The soldier was so enthusiastic about her that he sent Philcomasium to visit her mother in Athens where her “twin sister” is. He also sends his servant to accompany her on the journey.
The soldier comes to the house where he was supposed to meet Acroteleutiom but instead he encounters Peripletomenus who pretends to be the alleged husband. The soldier defended himself by saying that he was convinced she was divorced and that he didn’t know he was hurting anyone’s honor by his deeds. In the end, the “angry husband” and his chef Cario beat him up and took a bag of gold in exchange for his life.
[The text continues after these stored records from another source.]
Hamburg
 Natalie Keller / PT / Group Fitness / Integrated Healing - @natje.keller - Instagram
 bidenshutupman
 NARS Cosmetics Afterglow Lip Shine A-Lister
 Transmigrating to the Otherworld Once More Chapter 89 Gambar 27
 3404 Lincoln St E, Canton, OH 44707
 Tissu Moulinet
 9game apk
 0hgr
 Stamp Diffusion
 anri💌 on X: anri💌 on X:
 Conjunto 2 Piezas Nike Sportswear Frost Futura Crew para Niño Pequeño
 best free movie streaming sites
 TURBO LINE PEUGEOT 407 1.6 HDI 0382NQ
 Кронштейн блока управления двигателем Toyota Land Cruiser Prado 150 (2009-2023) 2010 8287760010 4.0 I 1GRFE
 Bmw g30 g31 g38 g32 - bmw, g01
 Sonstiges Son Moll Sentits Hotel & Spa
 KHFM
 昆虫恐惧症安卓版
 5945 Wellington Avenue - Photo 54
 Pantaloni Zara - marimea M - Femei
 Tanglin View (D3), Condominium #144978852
The comedy ends with Sceledrus coming back from his trip with Philcomasium and he reveals the real truth and the whole fraud. The end of the comedy is catharsis because it proves that wisdom and love will beat anything. Sceledrus came to the conclusion that all like the soldier should have the same ending like him.
Characters: Pyrgopolynices, Artotrogus, Palaestrio, Sceledrus, Periplectomenus, Philocomasium, Pleusicles, Acroteleutium ,Milphidippa, Cario
Pyrgopolynices – the swaggering soldier who has a tendency to blow his wartime successes out of proportion. He is blinded by himself and his beauty and because of that, he gets fooled.
Philocomasium – the girl that gets kidnapped from her family home and becomes the soldier’s servant. She was sincerely in love with her fiancée but she also had an affinity for the flattering, frauds, and plots which are believed to be a woman’s characteristic.
Palaestrio – the clever servant that is kidnapped by pirates and given to the soldier. He is loyal to his real master Pleusicles, Philocomasium’s fiancée. He defends the interest of the young lovers and he defends them from the soldier. He is the one that controls the plot.
Sceledrus – servant, whose significance is the fact that he told his master wrong messages that helped the plot to succeed.
Artotrogus – parasite and his name came from the same word. He only sucks up and flatters to earn his bread.
Periplectomenus – older neighbor, Palaestrio’s ally and Pleusicles family friend.
Cario – Periplectomenus’s chef
Pleusicles – Philocomasium’s fiancee who moved to Ephesus to be closer to her after she was kidnapped.
Acroteletium – a harlot that knows her was around men.
Milphidippa – Acroteletium’s servant that takes part in defrauding the soldier.
Titus Maccius Plautus is the biggest Roman comedy writer. He lived between 254 and 184 BC. He worked as a stage worker, actor in Rome and then he got himself into some debts and became a slave.
Plautus style, filled with folk talk and jokes, became a role model to many other writers. Because of many works were written in his tone he is considered to have written over 130 comedies while some believe that he only wrote 21 works that are completely his. The most popular ones are “Aulularia” or “The Pot of Gold”, “Maneachmi”.
In his works, he showed everyday city life scenes but he introduced rough comedy, music parts and elements of burlesque into the Greek comedy.
The Plautus comedy is recognizable by the clever servant who has the most important role and twists the plot.